Developed by ManageEngine of California, ServiceDesk Plus is IT support software that claims more than 100,000 installations around the world. Prominent customers include Vodafone, Dell, and Honda, among others.
After testing the IT support application for flaws, security researchers at SEC-Consult discovered a reflected XSS vulnerability in ‘geti18nkey’ – a module parameter that’s found in administrator accounts.
In order to exploit this vulnerability, an administrator would need to click on a malicious link or visit a site that was under an attacker’s control.
SEC-Consult was quick to note that this exploit would not work on a regular ServiceDesk user account.

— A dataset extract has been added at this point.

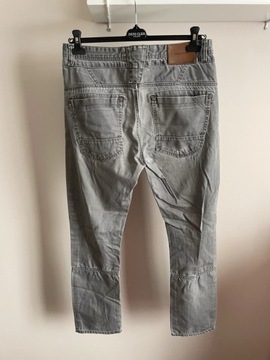Szare spodnie jeansowe Reserved 34/34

This reduced the likelihood of a company being compromised via a phishing link included in a standard support ticket.
However, if an attacker were able to escalate a ticket or otherwise compel an administrator to click on a malicious link, this would open the door to all manner of nefarious activity.
“If left unpatched, an attacker could compromise the ticket system with highest access rights and [for example] gain access to all tickets with internal or sensitive information and potentially perform further attacks,” Johannes Greil, principal security consultant at SEC-Consult, told The Daily Swig.
The Austrian security researchers flagged the XSS vulnerability to ManageEngine in December, and the issue was fixed in a ServiceDesk update earlier this month.
“The ZOHO [ManageEngine’s parent company] support team responded very quickly and professionally via their ticket system for both our submitted advisories,” added Greil. “They seem to have proper incident response processes implemented and are handling security issues well and quickly.”
ManageEngine did not immediately respond to The Daily Swig’s request for comment.